**DATASET EXTRACT**
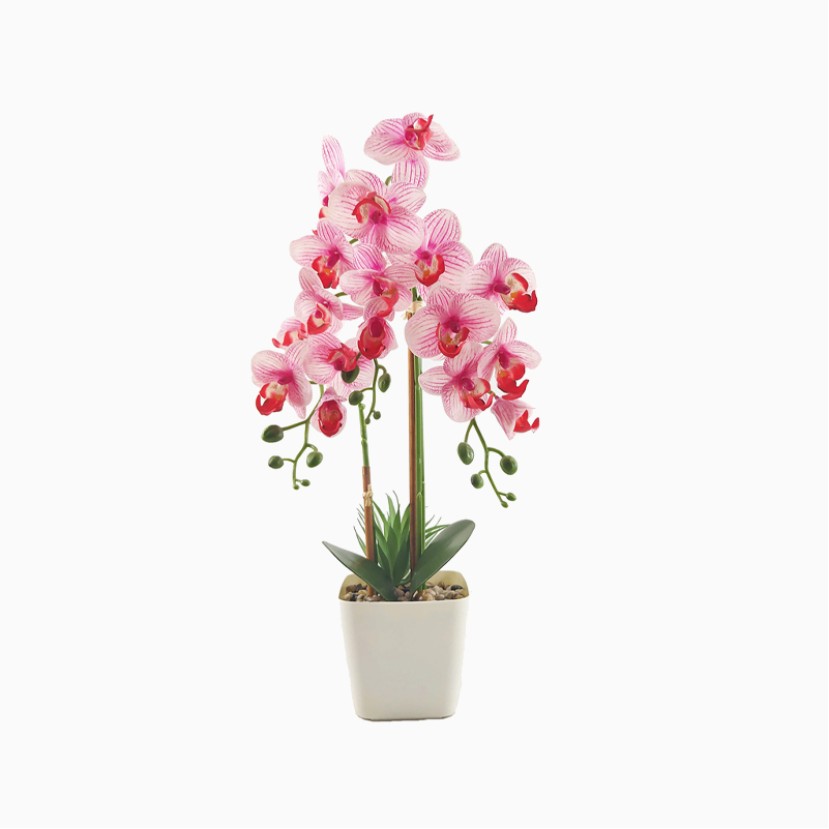 Simulated Phalaenopsis Mini Potted Plant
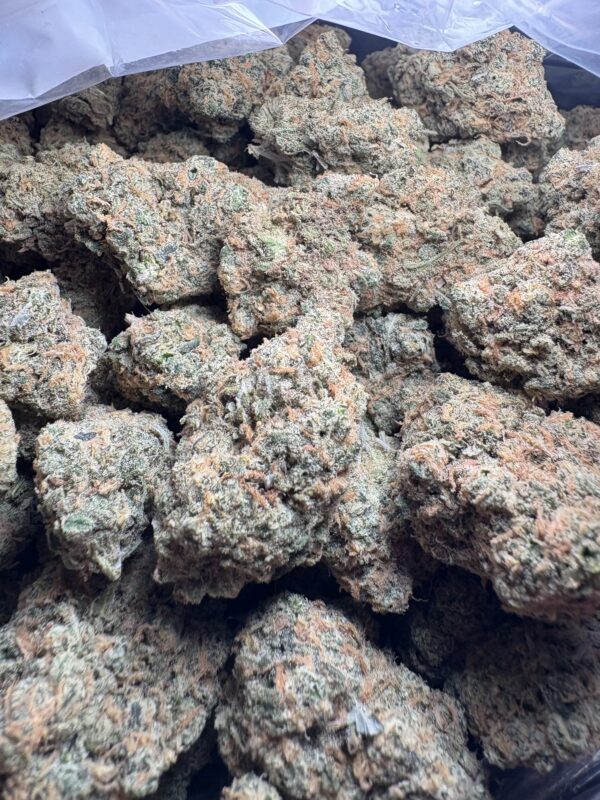 STIIIZY Blue Dream
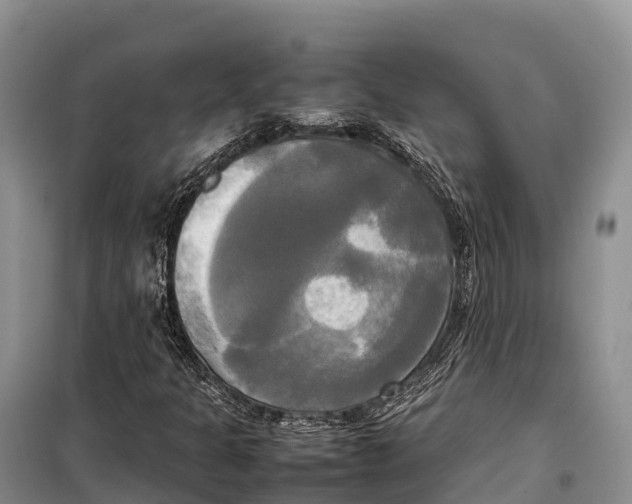 X0000099231301200805151620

**GOAL OF THE EXERCISE**
Once the pictures are removed, repeat all of the data above exactly.

**TASK RESULT**
 Simulated Phalaenopsis Mini Potted Plant
 STIIIZY Blue Dream
 X0000099231301200805151620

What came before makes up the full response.